As cheap eBook Reader goes Kobo is the King, but should you buy one?
The concept of what makes a cheap eBook reader largely depends on the person. Usually, it refers to price, and there are times when other features count.
Now, if we’re going to talk about price and features in that order, we’ll come up with a more definite answer: Kobo E-reader.
It is owned by Kobo Incorporated, a company operating in Toronto, Canada. It’s not the earliest e-book reader in the market, but it has been around since 2010, and is available in three different versions.
Kobo is an anagram for “book,” which, suffice to say, is self-explanatory. It’s dedicated to thousands of titles.
However, its main selling point isn’t actually the number of books it offers or its screen, but it’s the price. It seems like it has been created to beat Amazon Kindle and Barnes and Noble the Nook, for example, by bringing Kobo’s prices down to as much as $100 off from those of its competitors.
The cheapest Kobo e-reader has broken the $100 barrier (the psychological and affordable barrier that will make e-readers a common household item), which doesn’t fail to leave a feeling of awe from e-book users. And just like them, you’re also interested to know how Kobo was able to achieve this.

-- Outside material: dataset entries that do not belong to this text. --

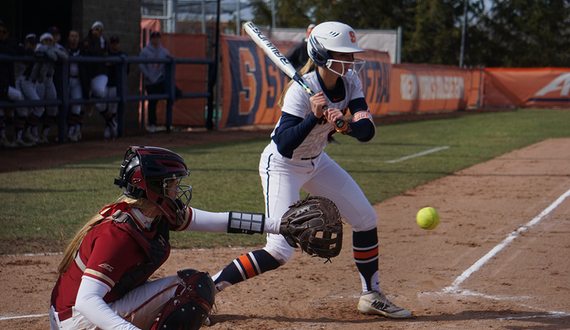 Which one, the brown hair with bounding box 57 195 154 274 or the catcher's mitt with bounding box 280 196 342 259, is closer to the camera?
the brown hair with bounding box 57 195 154 274

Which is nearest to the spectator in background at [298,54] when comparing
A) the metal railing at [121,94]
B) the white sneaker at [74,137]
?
the metal railing at [121,94]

Why Is It a Cheap eBook Reader?
At first glance, Kobo e-reader almost looks like the Amazon Kindle reader, its strongest competitor. In fact, you may say that it’s inspired by Kindle’s very sleek look. The first edition has a dimension of 7.2 inches by 4.7 inches by 0.4 inches. It weighs 7.80 ounces (221g). Like most e-book readers, this one uses the E ink® display. This means that the letters are black against a white background—very similar to how printed books look like.
Nevertheless, it is different because it has an internal storage of 1GB, which can be easily expanded to 32GB by adding a microSD card. Kindle, despite its decent internal storage, it doesn’t have an expansion slot, limiting your expansion options. Kobo ereader comes with a rechargeable battery, as most eReaders do.

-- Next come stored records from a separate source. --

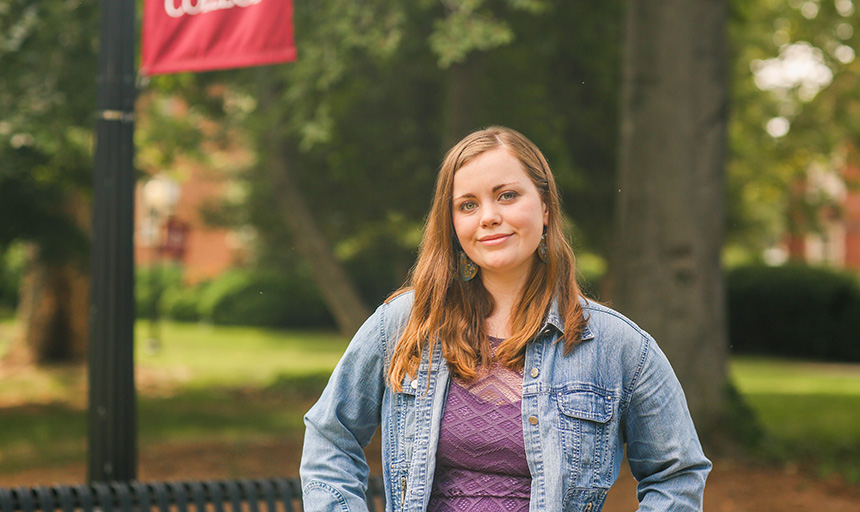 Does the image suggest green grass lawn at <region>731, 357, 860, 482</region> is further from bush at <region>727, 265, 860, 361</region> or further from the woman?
the woman

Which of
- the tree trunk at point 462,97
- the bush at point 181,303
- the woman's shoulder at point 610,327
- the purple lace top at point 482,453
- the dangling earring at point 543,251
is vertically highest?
the tree trunk at point 462,97

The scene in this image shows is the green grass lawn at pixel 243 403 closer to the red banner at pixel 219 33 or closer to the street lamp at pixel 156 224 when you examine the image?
the street lamp at pixel 156 224

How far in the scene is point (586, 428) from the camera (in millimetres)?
2113

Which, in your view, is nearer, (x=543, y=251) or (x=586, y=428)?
(x=586, y=428)

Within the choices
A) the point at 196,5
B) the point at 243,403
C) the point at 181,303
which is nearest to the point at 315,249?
the point at 243,403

This cheap eBook reader is also neat and very basic to look at. To navigate across the pages, you simply have to press the directional buttons. There are only very few buttons to operate, and they are found on the side (though this may not sit well for the leftists as they are uncomfortable and sometimes awkward to press). And most definitely one of the main reasons why it’s cheap is it doesn’t offer any Internet connectivity option. There’s no Wi-Fi or 3G, which increases the cost.
However, this can also work to its advantage, as it’s going to be a bit more difficult to get the eBooks onto your device. Though you can enjoy hundreds of public domain titles, you cannot read them unless you download the app in your PC—Kobo provides the software for both Mac and Windows—save them in the microSD slot, and transfer them to your e-book reader. You can download the books from Borders, its partner bookstore, and Kobo. A lot of those who get frustrated with the procedure, though, sometimes ditch the cheap e-book reader and simply download the appropriate app and use their PCs to read eBooks. The only downside is you lose the sense of portability.
Kobo Wireless eReader
Kobo may have been affected by the negative criticisms from experts and users alike they decided to create an improved version. Enter the Kobo Wireless eReader, which was introduced in October 2010. This cheap eBook reader still sports the same dimension and weight of the first one, but Wi-Fi capability was added. The processor has also been enhanced to allow faster turning of pages. The internal storage is the same at 1GB. It now also includes an app, but don’t get too excited. Kobo was still able to create a very cheap eBook reader by limiting the option to only one: a dictionary. So you don’t get to spend a lot of money and put a much higher premium for their products and services in exchange, Kobo includes 100 public domain titles in their cheap eBook reader.
Kobo eReader Touch Edition
The last instalment—and the most recent one—is the eReader Touch Edition, which, as its name suggests, possesses a touch-screen display. The technology is supposed to reduce the time spent moving from one page to another or perhaps one book to another title. Though it’s still responsive, you’ll find the other touch screen versions a lot better. This cheap eBook reader can pan PDFs smoothly, but there’s nothing much you can do but read them. The device does come with 2 font styles and 15 type sizes. The battery lasts 2 weeks again decent but not impressive. For example the Nook Simple touch lasts 2 months and the Kindle 3 can last up to a month.
The Kobo cheap eBook reader line is able to reduce its price by getting rid of the things you enjoy so much with its competitors: it lacks applications, it doesn’t have a very stellar screen display, and the contrast still leaves something to be desired. By doing so, they’re able to avoid letting you pay for their premium services such as a subscription fee to websites (unless you subscribe to newspapers if you’re using the wireless version), just like when you use a Kindle. Needless to say, unless you simply want to be limited to reading only, it’s time to think about your other choices. There are many different eBook readers available that offer much more.